A global semiconductor rally is redrawing the map for emerging markets as investors rotate away from traditional growth plays like India toward chip hubs in East Asia. The MSCI Emerging Markets Index climbed 22.2% in 2026 through Thursday, outperforming the S&P 500’s 8.8% gain. This surge is driven by a massive concentration in South Korea and Taiwan, which together account for 43.7% of the index’s weight.
The inference pivot
The market focus has shifted from the "training" phase of AI development to the "inference" phase, where chips handle actual user queries. This transition has fueled a massive comeback for Intel, which saw its shares jump 114% in April alone. Intel’s year-to-date return of 214.6% is more than eight times that of Nvidia, reflecting high demand for the semiconductors that enable AI agents to provide answers.
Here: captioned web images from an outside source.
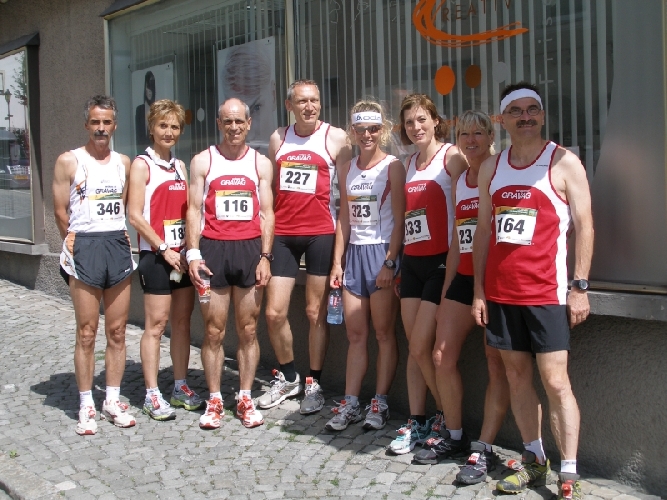 Mila’s bereit zum Start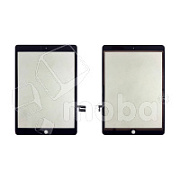 Тачскрин для iPad 10.2" 2019/2020 (A2197/A2198/A2200/A2270/A2428/A2429/A2430) Черный - OR100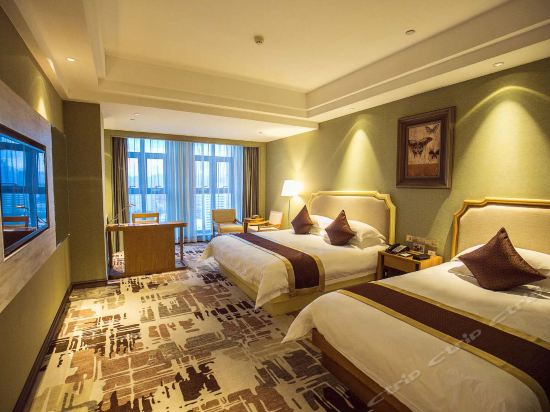 金華瑞萊克斯大酒店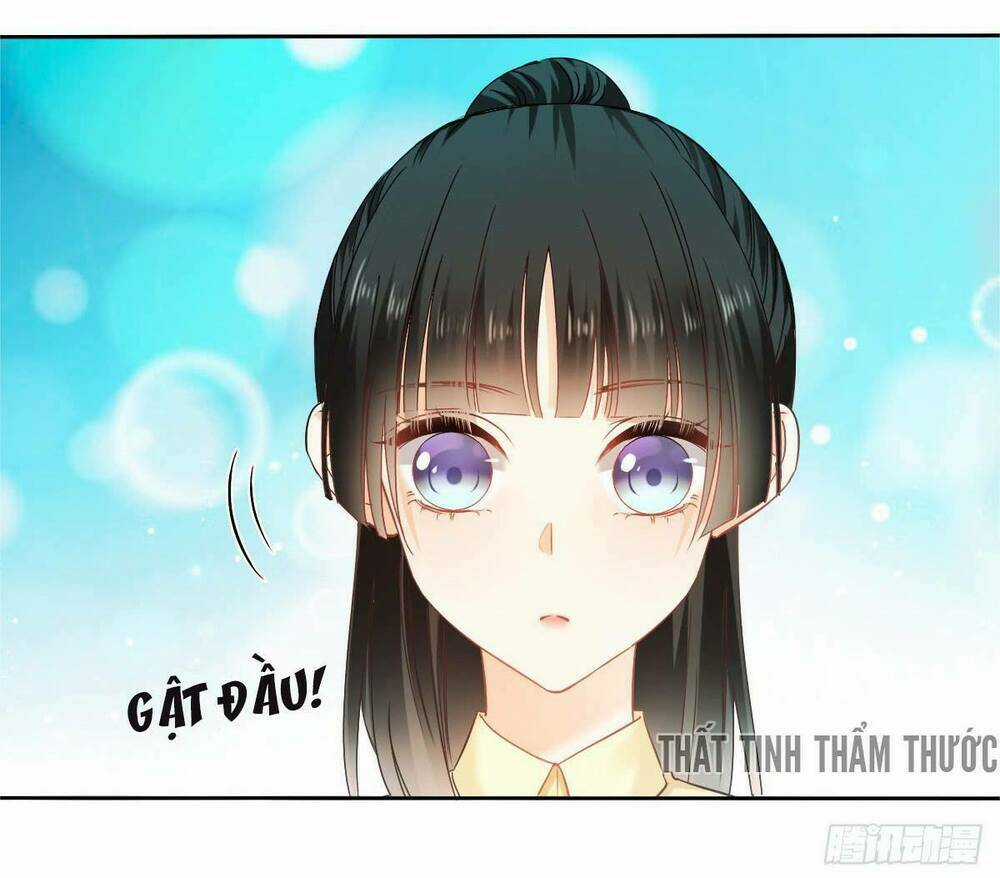 Bay Qua Thiên Sơn Đến Yêu Anh Chapter 53 trang 20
- TSMC remains a central pillar as the foundry for advanced chips designed by Nvidia and others.
- Samsung Electronics and SK Hynix are now the top components in the MSCI Emerging Markets Index alongside TSMC.
- The Philadelphia Semiconductor Index, which tracks these global leaders, has risen 70.5% so far this year.
India loses ground
While East Asian markets boom, India is at risk of falling out of the world’s five largest stock markets for the first time in three years. Global investors are increasingly prioritizing chip manufacturing and AI infrastructure over India’s domestic consumption story. Without direct links to the AI buildout, Indian equities are losing their status as the preferred emerging market alternative to China.
Geopolitical risks remain a primary bottleneck for this concentrated market. Much like the Strait of Hormuz dictates oil security, the Taiwan Strait remains a critical chokepoint for the "silicon shield." Any political tremors in East Asia could disrupt the global supply of advanced chips that currently underpin these market gains.